Normative Ethics: Utilitarianism and Deontology

Normative Ethics: Utilitarianism and Deontology
Should the companies that dropped Tiger Woods during his scandal now reinstate him?

Credibility and image are everything when it comes to marketing effectively using celebrity role models. Fact is the image of a celebrity can be tainted within a matter of minutes. Take for instance the latest events concerning Tiger Woods. While by law he was innocent until he opened his mouth and admitted his immorality companies such as Gillette, Gatorade, Accenture, and AT&T quickly began pulling endorsement deals from the table. The companies feared the bad publicity and the image consumers would now associate with Tiger Woods and his sex scandal.
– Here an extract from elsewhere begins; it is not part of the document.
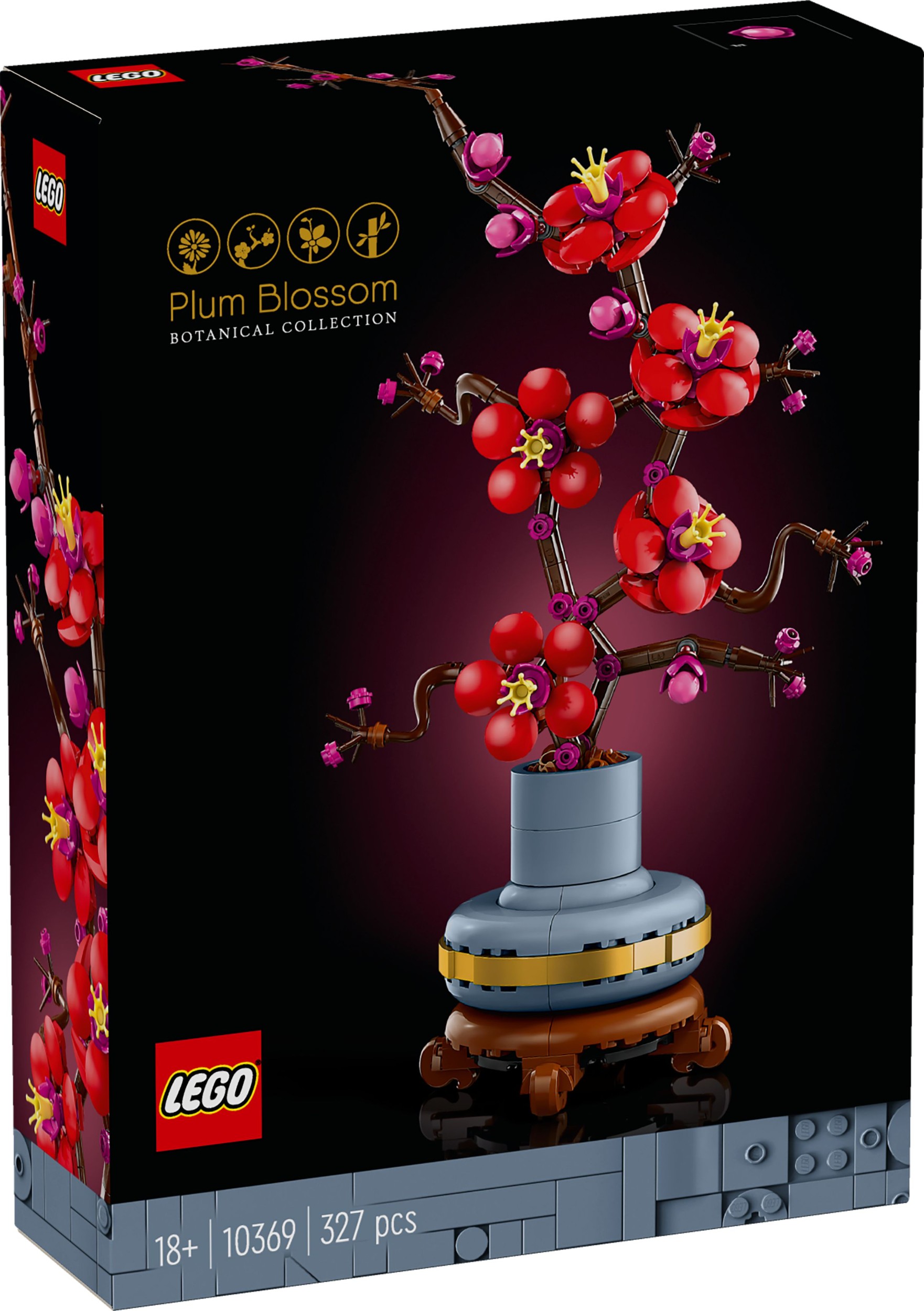Svět dětí - LEGO® Botanicals 10369 Meruňka japonská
Not all of these companies admitted openly that this was the reasoning behind their decision to disassociate themselves from Tiger but as a consumer I don’t conceal my approval or opinion that they made the correct decision in doing so. I absolutely do not feel that any endorsements should be reinstated.
The most recognized way that agencies evaluate a celebrity’s ability to be an endorser or representative is source credibility. They recognize that consumers are individuals and the majority like myself are responsible for forming personal opinions, however lets not reduce the affect that media plays on that formation. Before the Tiger scandal it seemed in the media as though he could do no wrong and was known as the greatest golfer in the history of golf. Tiger may still be acknowledged as a great golfer but the media definitely uncovered and highlighted every dirty detail of his immoral behavior. If there was a chance that you had no idea who Tiger was or what he did as a profession. After the media’s coverage of his personal life the world knew he committed adultery.
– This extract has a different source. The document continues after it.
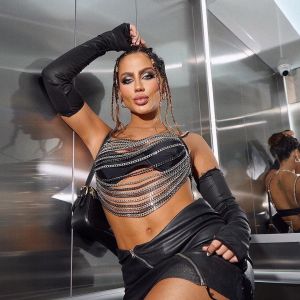 Anneau Multicouche Gland Alliage Pendentif Haut Petit Gilet Corps Cha&icirc;ne Poitrine Cha&icirc;ne-Miwi-Cha&icirc;ne De Poitrine-Taille Unique - Neuf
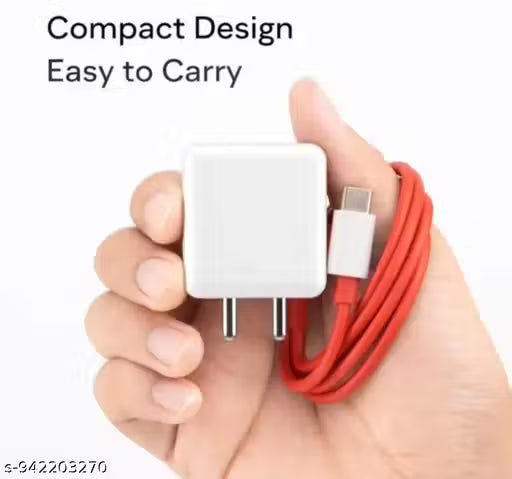 Super Fast 85 Watt Type C Charger with Quick Charging Support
Today 75% of endorsement contracts contain a moral clause that allows companies to exit without penalty in the event of an incident by the celebrity that greatly damages the company’s reputation. Often the “incident” is limited to criminal activity and previously it was not uncommon for the legal language within the clause to even mandate that an actual conviction of a crime be present before the deal is terminated. However, this is quickly changing.
Truth is when a popular athlete such as Tiger Woods makes a mistake or is even just faced with accusations of a crime these moral clauses are revisited extensively, because the end results and affects of such a marketing campaign that includes a celebrity endorsement can be detrimental to a company’s image. This is their way of looking for any and every means to protect themselves.
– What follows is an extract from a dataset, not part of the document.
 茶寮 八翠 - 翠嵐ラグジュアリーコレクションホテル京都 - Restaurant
Let’s not downplay that current market situations indicate that celebrity endorsement advertising strategies can indeed justify the high costs under the right circumstances. However, the importance of a company and the duty that it has to protect its image and reputation that solidifies its brand. By ignoring allegations and credibility issues that are raised by the public regarding a specific celebrity endorser a company does their brand a disservice that can easily affect their bottom line and their message. That is why a company often does not differentiate between an accusation and a guilty verdict when it comes to the credibility of their endorser. This can cost a company millions of dollars. Because of this companies are depending more and more on a moral clause to protect them in endorsement contracts.
Tiger Woods’ estimated endorsements for 2010 are worth $22 million less than last year, according to Sports Illustrated annual analysis of the highest-earning American athletes.
Woods is still No. 1 on the list, as he has been for the rankings’ seven years. But his estimated total earnings of more than $90 million are down 30 percent from nearly $128 million two years ago.
In conclusion, arguments made on Tiger’s behalf are he is neither a public official who pledged to uphold the public trust nor does his personal life have anything to do with his job as a professional golfer. I agree with both statements however from a business approach those companies created a partnership with him they brought their image, brand and product and combined it with his to promote or sell a product. He absolutely has an obligation to not only the company that has partnered with him but all their consumers as well.